The UN Women data on the prevalence of different forms of violence against women in Nigeria also stated that, lifetime physical and/or sexual intimate partner violence against women is 16 percent, lifetime non-partner sexual violence, 2 percent, child marriage 44 percent while female genital mutilation/cutting is 18 percent.
The campaign against the menace of GBV has been ongoing across the world with international partners, faith-based organisations and global advocacy groups that are working to break the silence, stop the stigma and end sexual and gender based violence.
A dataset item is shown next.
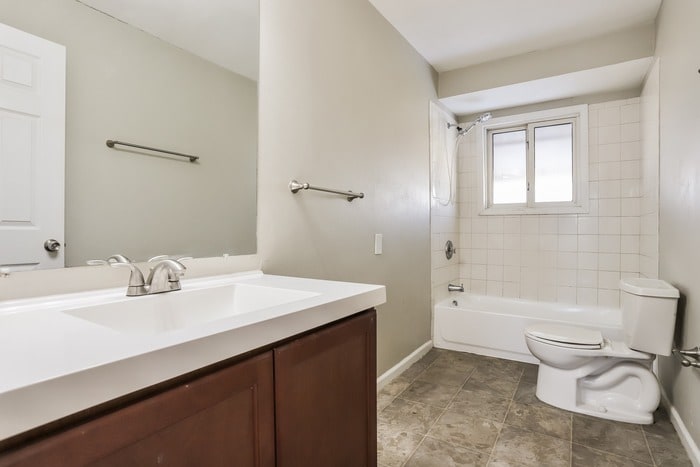 Building Photo - 2095 Collier Dr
The International Federation of Women Lawyers (FIDA) which staged a walk as part of the campaign in the Federal Capital Territory, declared its stand against rape, saying the menace was wreaking havoc in the society and needed to be stopped before more lives are ruined.
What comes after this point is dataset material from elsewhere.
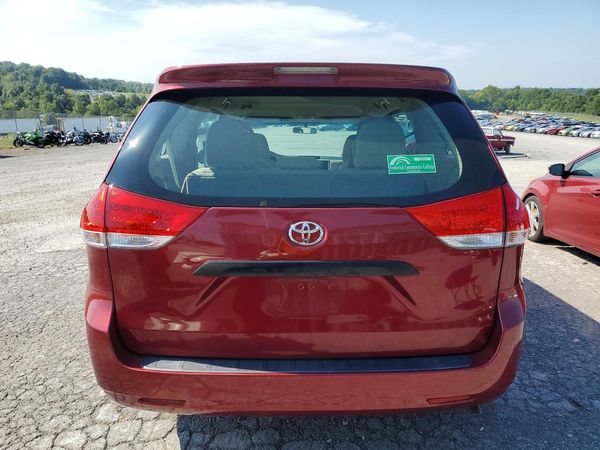 2013 TOYOTA SIENNA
FIDA, FCT chairman, Rekia Adejo-Andrew, in marking the 16 days of activism, said, rape cases on women and girls are alarming in the FCT, with many others being recorded within the environs.
“We get these cases daily but we don’t prosecute and so we depend on other government agencies to do the prosecution like the police, Ministry of Justice, others.”
She said, the launch of the Sex Offender Register is a timely and innovative idea, adding that the Violence Against Persons (VAPP) Act provided for it and brought it to the fore.
“Before anybody’s name can enter that register it means you committed rape, and have been convicted. Your name will then enter the register and we can profile you and call you a rapist. It is all about naming and shaming.”